▸ **COLLECTED MATERIAL**
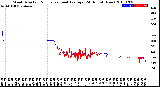 Milwaukee Weather Wind Direction<br>Normalized and Average<br>(24 Hours) (New)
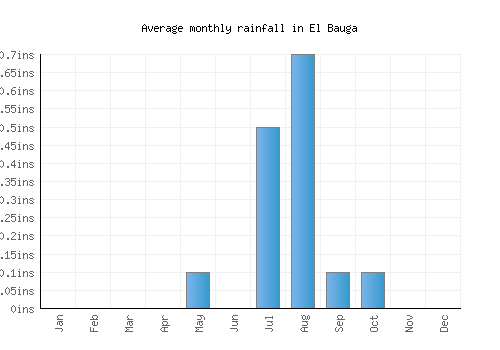 El Bauga monthly rainfall chart (inches)
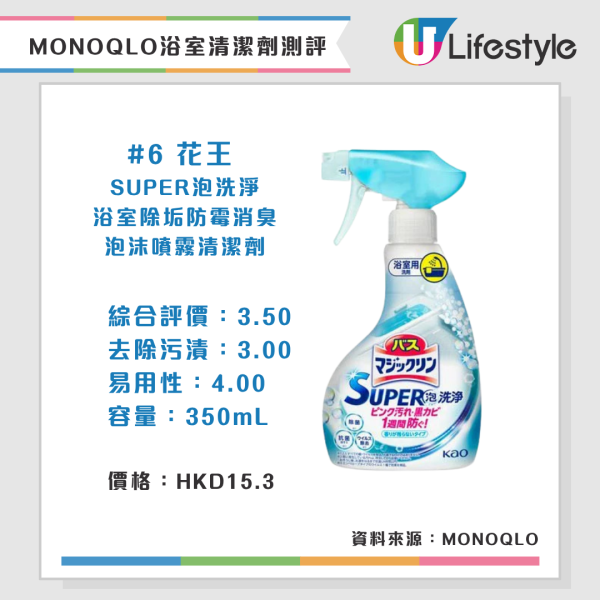 Monoqlo浴室清潔劑推介（來源：日本《MONOQLO》測評雜誌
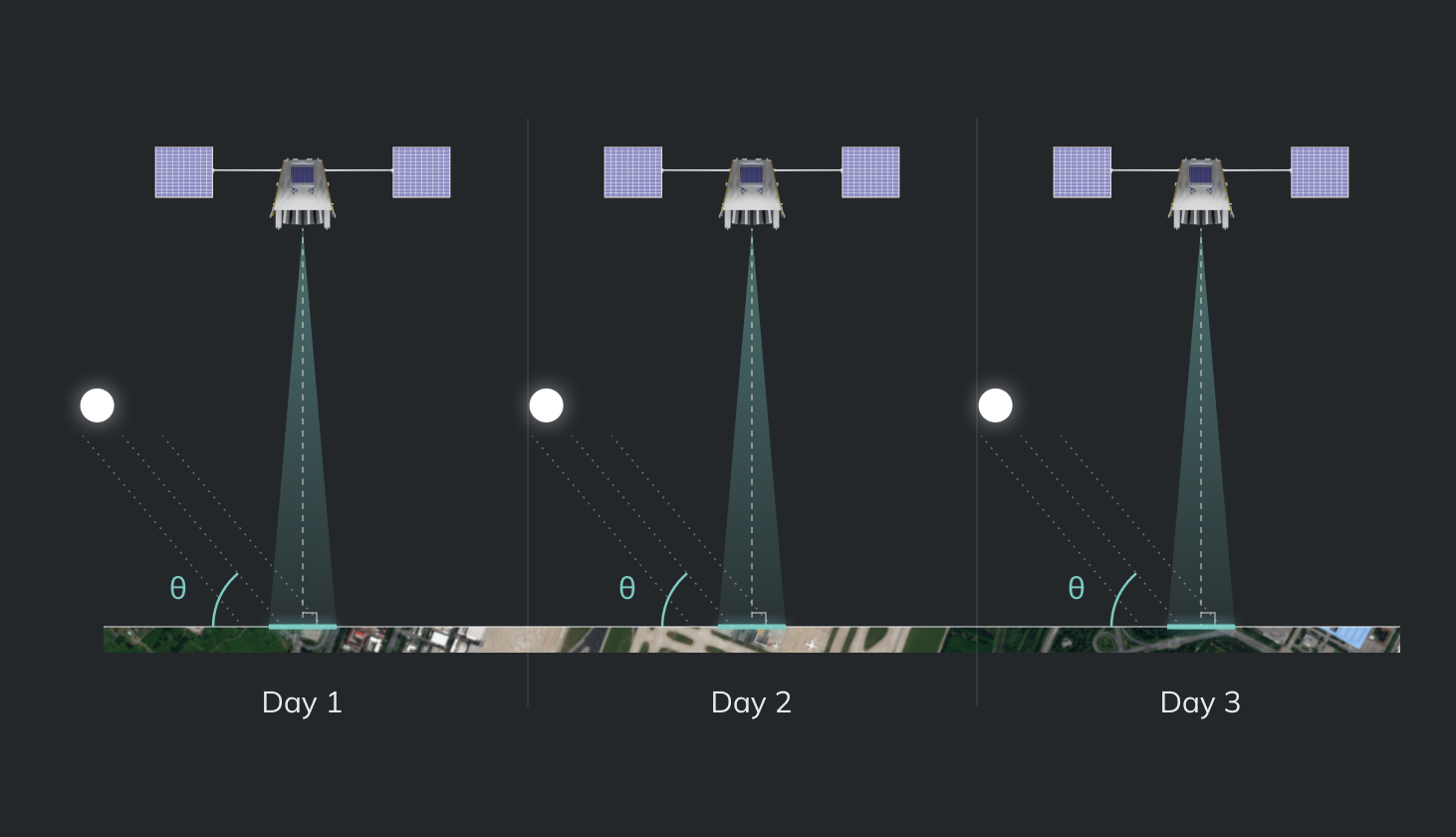 The same scene captured on different days under the same sun angle and viewing angle, so shadows and shapes match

▸ **EXERCISE REQUIREMENTS**
Restate every line above exactly, omitting images.

▸ **SOLUTION BELOW**
 Milwaukee Weather Wind Direction<br>Normalized and Average<br>(24 Hours) (New)
 El Bauga monthly rainfall chart (inches)
 Monoqlo浴室清潔劑推介（來源：日本《MONOQLO》測評雜誌
 The same scene captured on different days under the same sun angle and viewing angle, so shadows and shapes match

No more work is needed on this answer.